Seporsi Kimchi dan Teman pada Porsinya

Kalau ditanya bagaimana arti pertemanan, sebenarnya aku bingung. Aku tidak pernah benar-benar punya teman yang bagi sebagian orang bisa disebet real bestie forever. Aku juga tidak pernah merasakan berada dalam suatu kelompok atau ‘geng’ yang melakukan segalanya bersama.

Hari ini aku menikmati kimchi kesukaanku, sambil membicarakan perihal ‘teman’ dengan pacar.

Pengalaman kita berdua dalam memandang pertemanan jauh berbeda. Dia bercerita bagaimana dia adalah orang yang posesif dalam hal pertemanan. Dia selalu ingin berada di suatu lingkar pertemanan dan tidak ingin ditinggalkan. Ketika teman yang dia anggap spesial pun menolak ajakan darinya atau memiliki teman lain, dia cenderung merasa kecil, merasa tertinggal. Dia bisa melakukan segala hal, seperti mengubah dirinya sendiri, demi diterima dalam lingkar pertemanan tersebut. 

Aneh, pikirku.

Sementara untukku teman, ya…. teman. Tidak perlu selalu hadir, tidak perlu selalu mengirim pesan, tidak juga perlu selalu menemani, tidak harus siap saat kita butuh. Tidak itu semua tidak perlu. Yah, cukup aku kenal kamu, kamu kenal aku, kita beberapa kali bercengkrama, entah itu masalah pribadi atau hal remeh seperti lagu apa yang kamu dengar.

Pacarku selalu memikirkan pandangan orang terhadapnya. Itu membuatnya selalu ingin tampil menjadi yang terbaik di hadapan semua orang. Bahkan dia bisa menampilkan versi dirinya yang sungguh berbeda pada setiap orang. Dia selalu takut mengecewakan setiap orang, setiap teman yang dia miliki.

Aneh, pikirku lagi. Bukankah itu akan menyusahkan diri sendiri yang berujung kekecewaan pada diri sendiri?

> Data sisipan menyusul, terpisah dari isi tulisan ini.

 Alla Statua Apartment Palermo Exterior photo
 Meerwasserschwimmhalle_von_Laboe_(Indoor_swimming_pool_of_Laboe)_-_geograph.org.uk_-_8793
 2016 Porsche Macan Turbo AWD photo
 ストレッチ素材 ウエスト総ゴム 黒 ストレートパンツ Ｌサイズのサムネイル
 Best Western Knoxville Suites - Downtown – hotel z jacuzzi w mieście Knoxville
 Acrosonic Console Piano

Di sisi lain, aku tidak mengambil pusing apa yang orang lain pikirkan tentangku. Setiap orang boleh pergi dariku jika memang itu membuat mereka nyaman, dan aku tidak akan merasa marah atau menyalahkanmu. Toh memang tidak nyaman, lalu kenapa harus dibuat sulit? Aku pun juga demikian, jika aku merasa tidak nyaman dalam sebuah kelompok, aku akan menjauh tanpa perlu menuntut orang lain atau kelompok tersebut untuk mengikuti egoku. Hal ini bukan berarti aku membenci orang-orang yang tidak nyaman padaku maupun orang-orang yang membuatku tidak nyaman. Biasa saja, tidak ada perasaan sebal, marah, atau lainnya yang berlebihan. Menjauh yang kumaksud bukannya memutus total hubungan. Aku masih menganggap mereka semua teman. Toh, aku masih akan datang jika mereka yang membuatku tidak nyaman mengundangku dalam sebuah acara. Begitu juga sebaliknya. Hanya saja tepatnya mengurangi frekuensiku berinteraksi dengan mereka yang membuatku tidak nyaman.

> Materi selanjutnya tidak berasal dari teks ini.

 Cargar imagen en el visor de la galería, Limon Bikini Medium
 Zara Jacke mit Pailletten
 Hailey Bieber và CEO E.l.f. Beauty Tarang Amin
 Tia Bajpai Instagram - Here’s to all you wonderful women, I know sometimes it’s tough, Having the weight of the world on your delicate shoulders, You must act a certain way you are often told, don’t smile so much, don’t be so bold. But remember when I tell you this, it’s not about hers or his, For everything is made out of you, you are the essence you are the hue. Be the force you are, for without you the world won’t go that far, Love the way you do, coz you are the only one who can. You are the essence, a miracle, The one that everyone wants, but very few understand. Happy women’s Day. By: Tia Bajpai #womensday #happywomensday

Aku ingat seorang teman pernah bertanya padaku, “Menurutmu aku apa?”

“Teman” jawabku.

“Iya pasti, tapi teman yang apa?” tanyanya lagi.

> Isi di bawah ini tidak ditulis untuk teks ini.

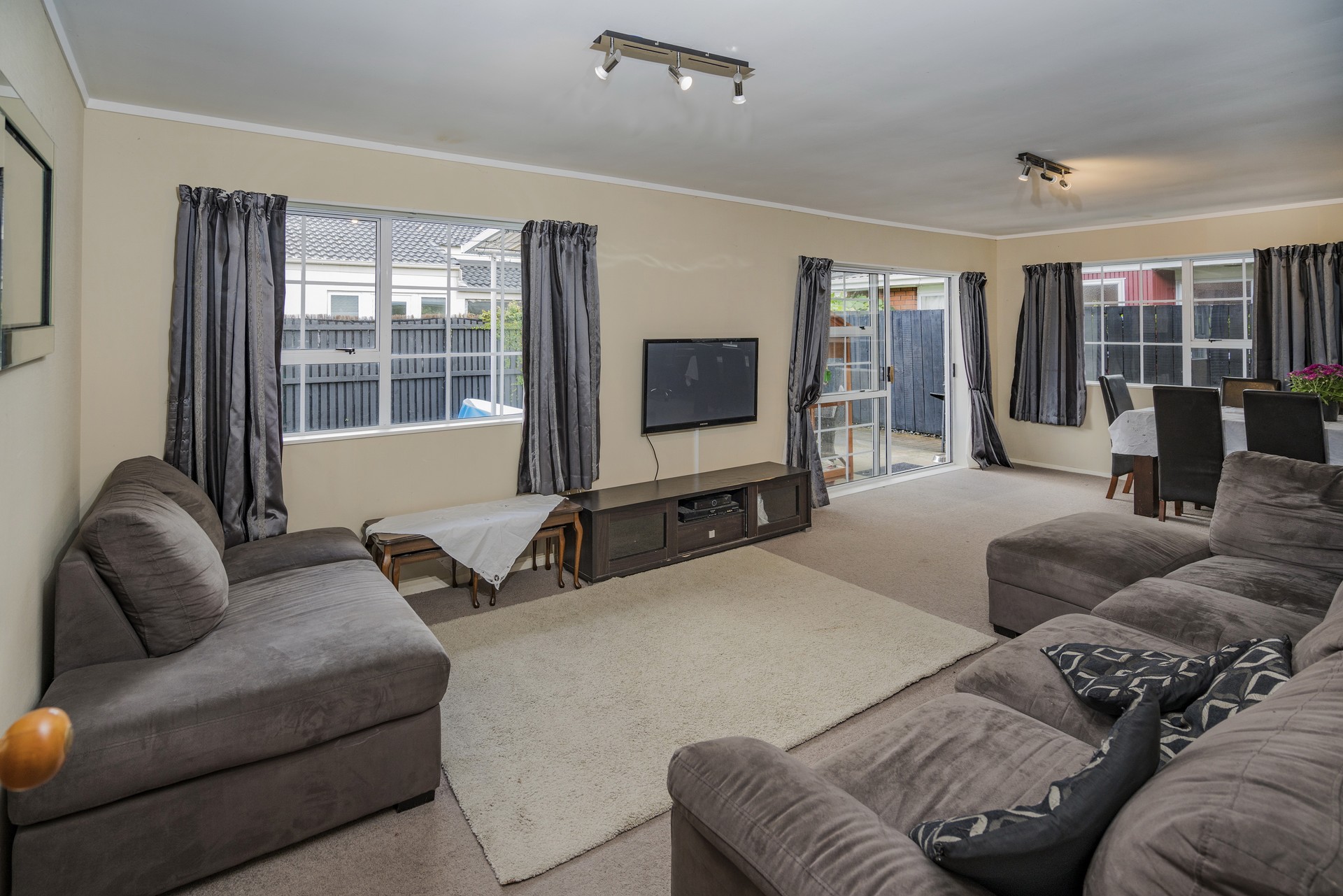 1 Tate Grove, Half Moon Bay, Manukau City, 3 ਕਮਰੇ, 2 ਬਾਥਰੂਮ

“Ya, teman. Apalagi? Memang harus dibeda-bedakan?”

“Tidak. Tapi pasti kamu punya daftar teman prioritas, kuga teman biasa. Tidak mungkin kamu anggap semua sama, kan? Apakah kamu secara acak memilih teman yang ada di kontakmu untuk menemanimu makan ramen? Tidak, kan?” jelasnya.

Apa yang dia katakan memang benar. Aku punya sekitar 5 orang yang menempati daftar utama: pacarku dan 4 orang teman. 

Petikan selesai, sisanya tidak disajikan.